__The records__:

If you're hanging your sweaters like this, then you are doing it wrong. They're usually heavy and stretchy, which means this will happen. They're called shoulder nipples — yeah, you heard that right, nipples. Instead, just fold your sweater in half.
==
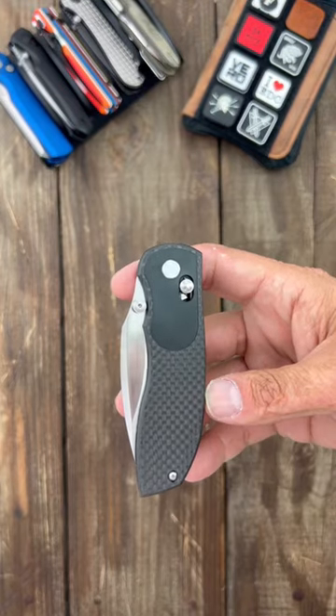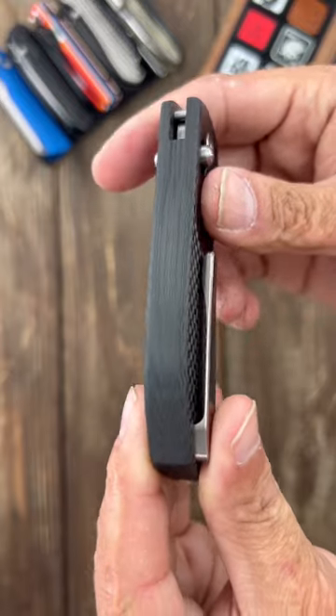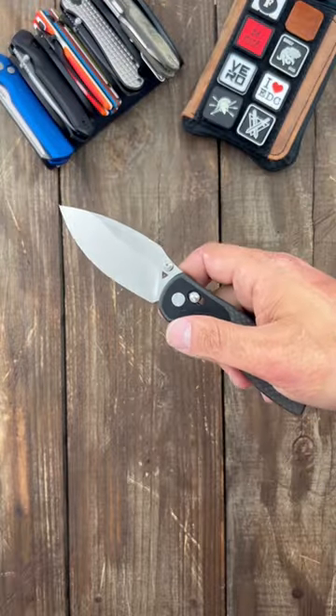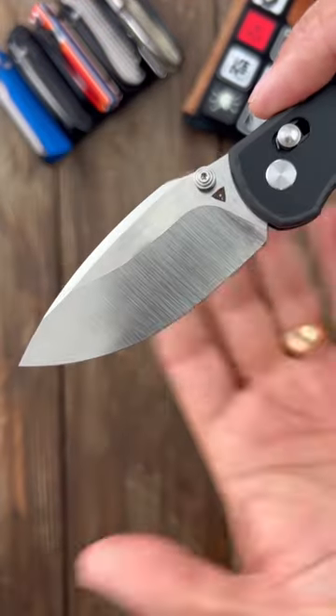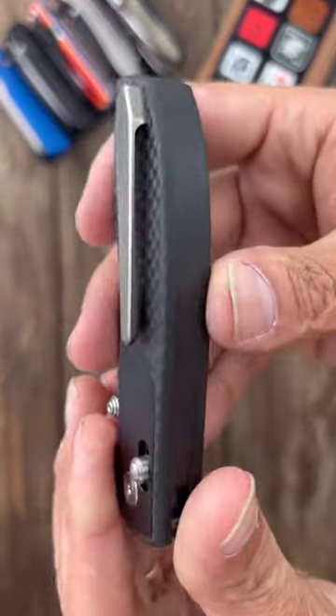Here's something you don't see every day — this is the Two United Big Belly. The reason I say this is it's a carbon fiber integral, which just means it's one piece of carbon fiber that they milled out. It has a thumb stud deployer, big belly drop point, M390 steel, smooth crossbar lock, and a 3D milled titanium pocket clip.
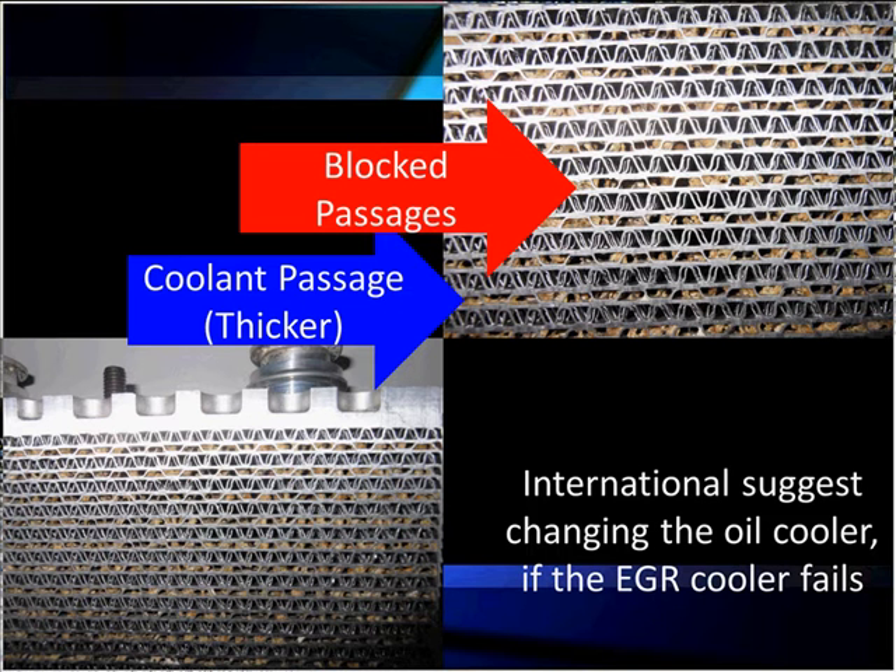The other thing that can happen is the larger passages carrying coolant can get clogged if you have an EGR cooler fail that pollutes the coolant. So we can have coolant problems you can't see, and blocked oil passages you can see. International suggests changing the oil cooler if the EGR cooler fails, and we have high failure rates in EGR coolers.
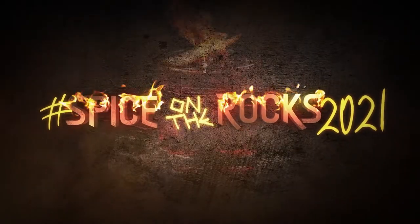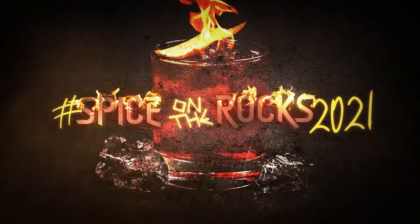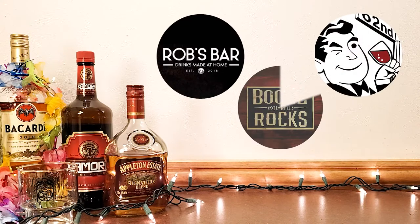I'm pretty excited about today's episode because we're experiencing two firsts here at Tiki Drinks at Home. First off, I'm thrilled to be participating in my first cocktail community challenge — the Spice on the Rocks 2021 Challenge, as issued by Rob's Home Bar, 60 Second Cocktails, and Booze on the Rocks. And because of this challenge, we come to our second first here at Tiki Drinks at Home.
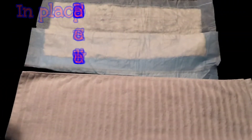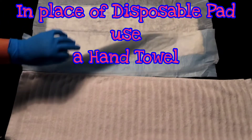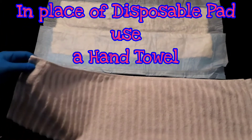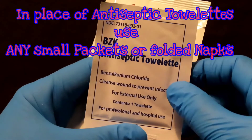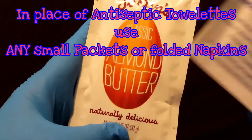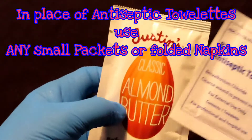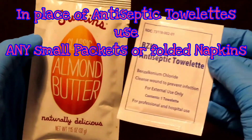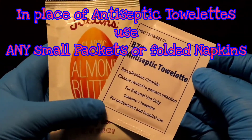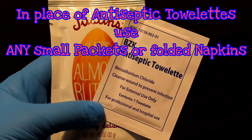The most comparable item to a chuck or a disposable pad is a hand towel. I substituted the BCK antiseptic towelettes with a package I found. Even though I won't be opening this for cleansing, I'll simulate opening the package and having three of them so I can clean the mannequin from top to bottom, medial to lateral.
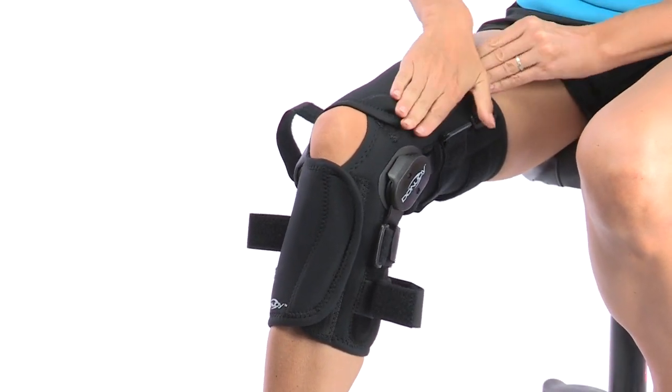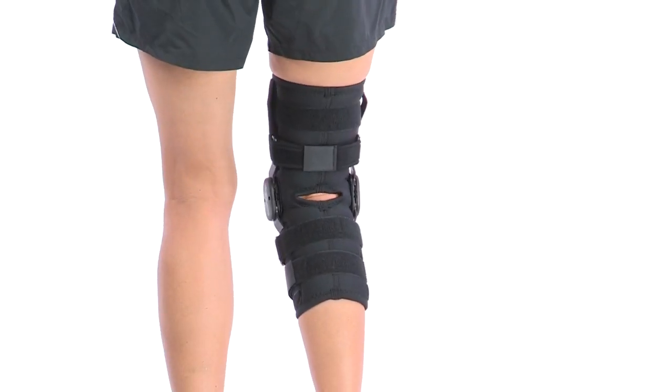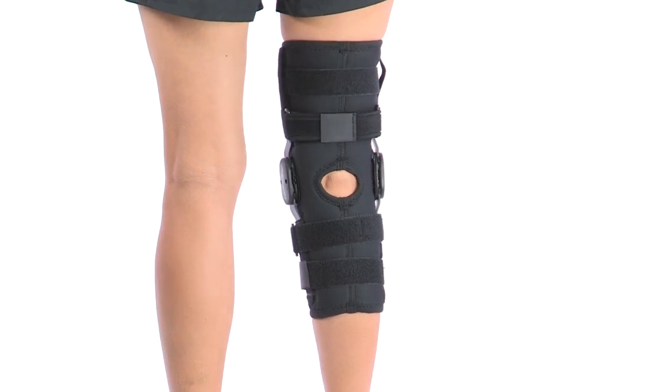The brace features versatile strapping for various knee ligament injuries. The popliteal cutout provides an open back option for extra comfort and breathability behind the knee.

__Task to carry out__:
Reproduce, word for word, only the lines in the records above from the line with "The other thing" through the line with "I'm pretty excited", including both ends; omit the pictures.

__Response box__:
The other thing that can happen is the larger passages carrying coolant can get clogged if you have an EGR cooler fail that pollutes the coolant. So we can have coolant problems you can't see, and blocked oil passages you can see. International suggests changing the oil cooler if the EGR cooler fails, and we have high failure rates in EGR coolers.
I'm pretty excited about today's episode because we're experiencing two firsts here at Tiki Drinks at Home. First off, I'm thrilled to be participating in my first cocktail community challenge — the Spice on the Rocks 2021 Challenge, as issued by Rob's Home Bar, 60 Second Cocktails, and Booze on the Rocks. And because of this challenge, we come to our second first here at Tiki Drinks at Home.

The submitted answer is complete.